> **THE INPUT**
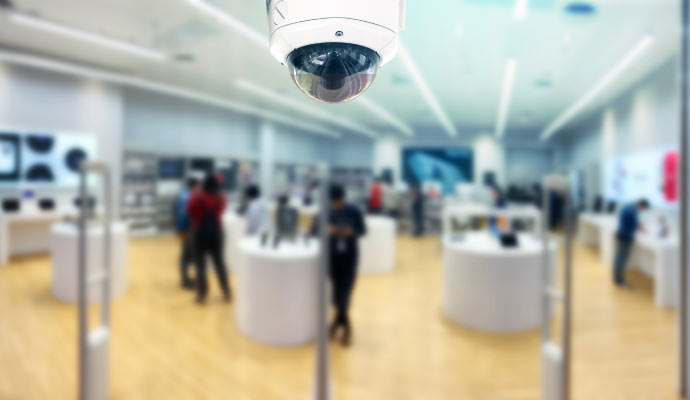 security camera installed in retail store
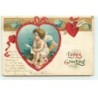 n°17015 - Carte Gaufrée - Clapsaddle - Love's Greeting - What the star is to the even .... - Cupidon lisant une lettre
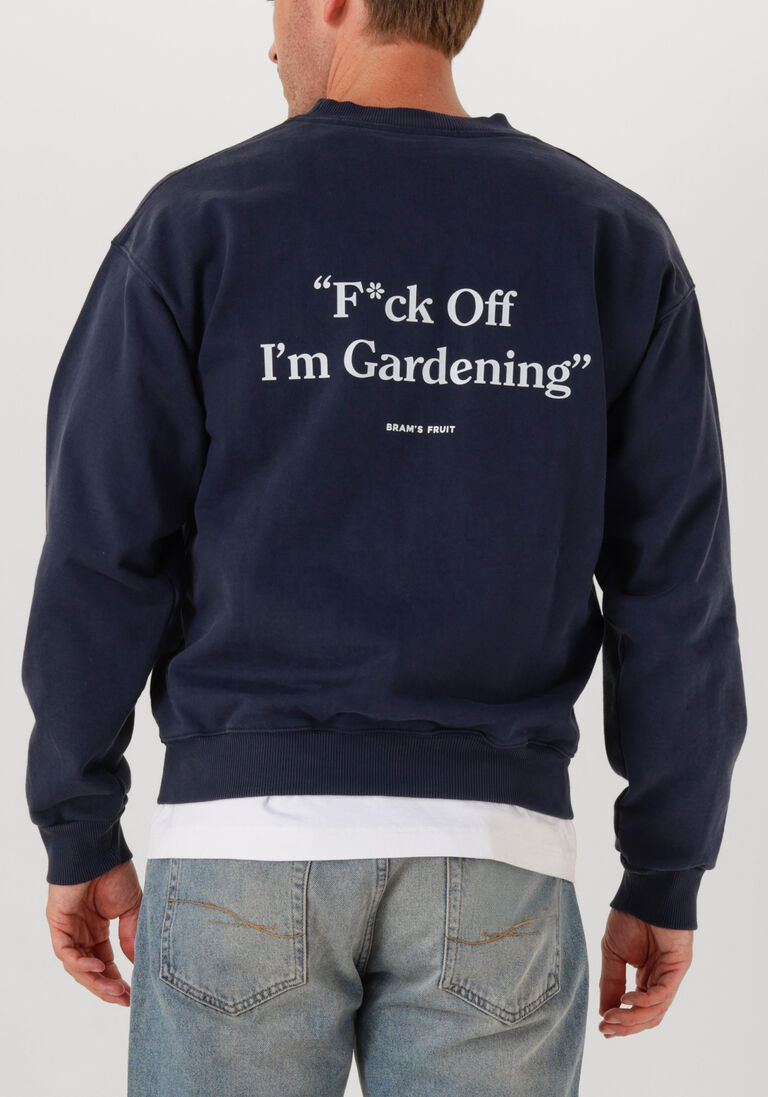 donkerblauwe bram's fruit sweater f*ck off crewneck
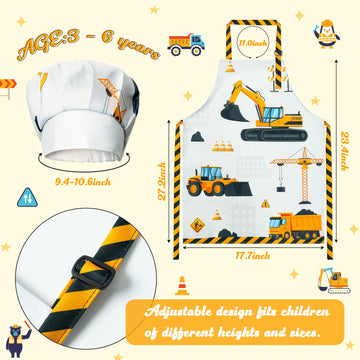R HORSE Kid Apron and Chef Hat Set - 2Pcs Adjustable Vehicle Children Kitchen Apron Dress up Role Play Chef Toy Kid Funny Cookin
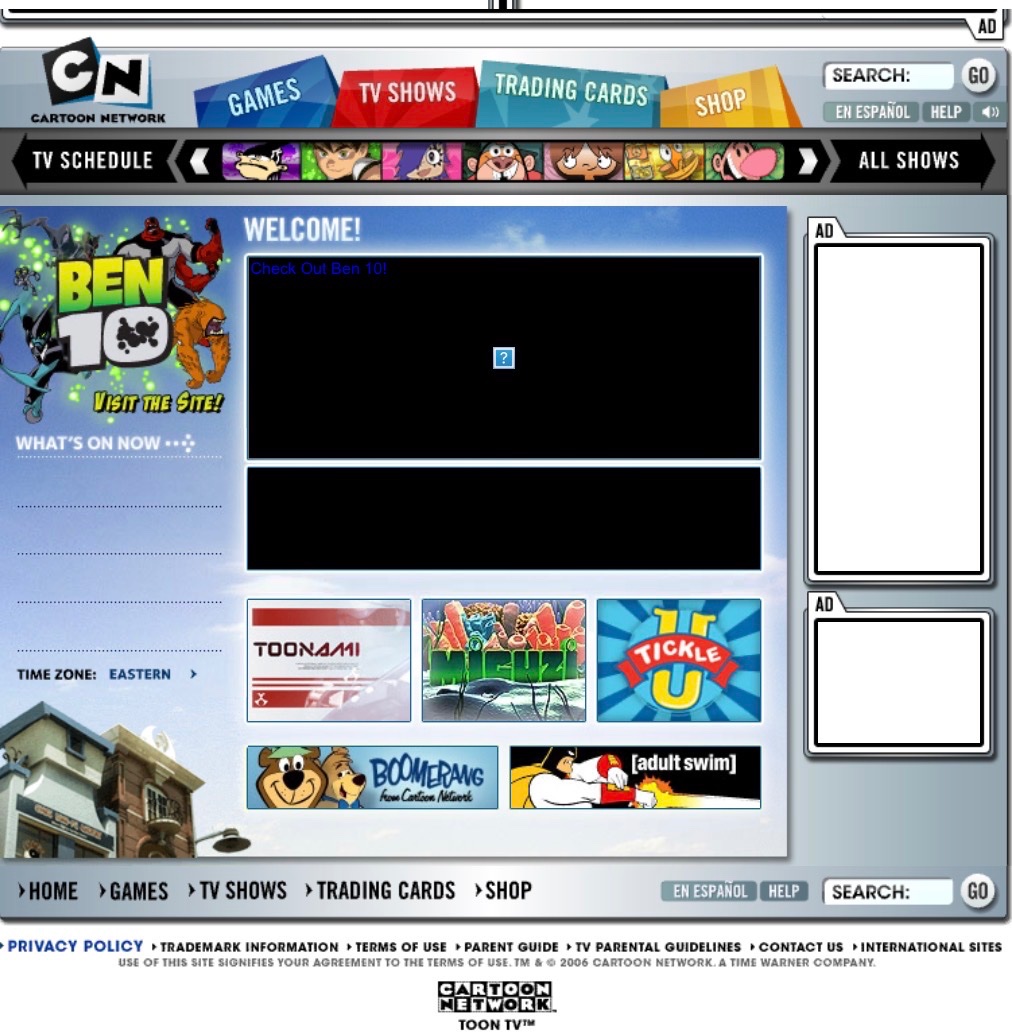 NostalgiaYZ's tweet photo. The Cartoon Network website in early 2006. https://t.co/9IhfgSppsN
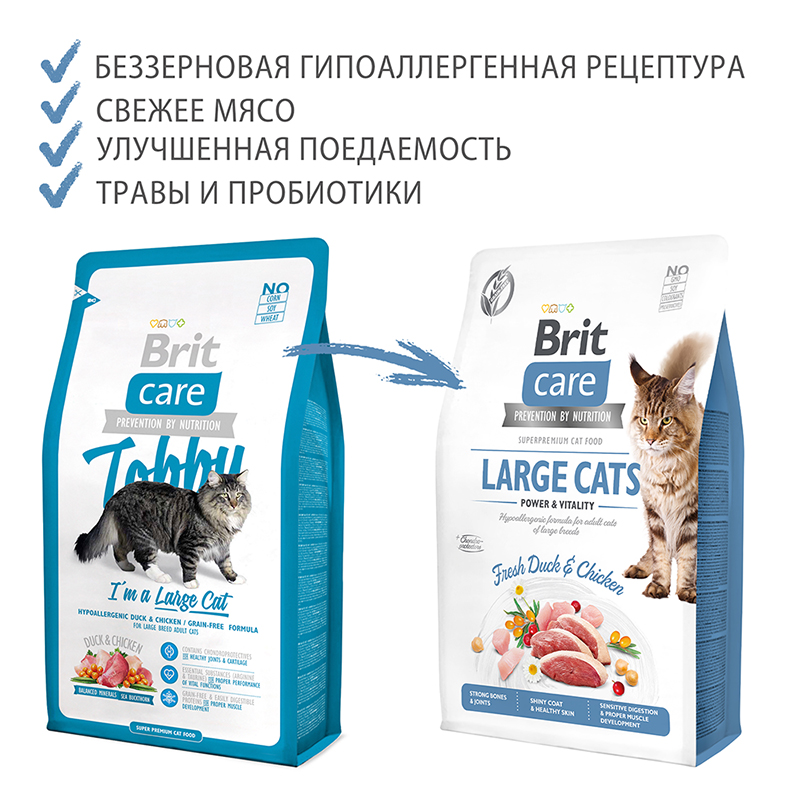 Brit Care Cat GF Large cats Power & Vitality гипоаллергенный беззерновой корм для взрослых кошек крупных пород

> **YOUR OBJECTIVE**
Repeat only the lines between the top of the entries above and the line containing "donkerblauwe bram's fruit", both ends included, without the pictures.

> **SOLUTION TO THIS PROBLEM**
 security camera installed in retail store
 n°17015 - Carte Gaufrée - Clapsaddle - Love's Greeting - What the star is to the even .... - Cupidon lisant une lettre
 donkerblauwe bram's fruit sweater f*ck off crewneck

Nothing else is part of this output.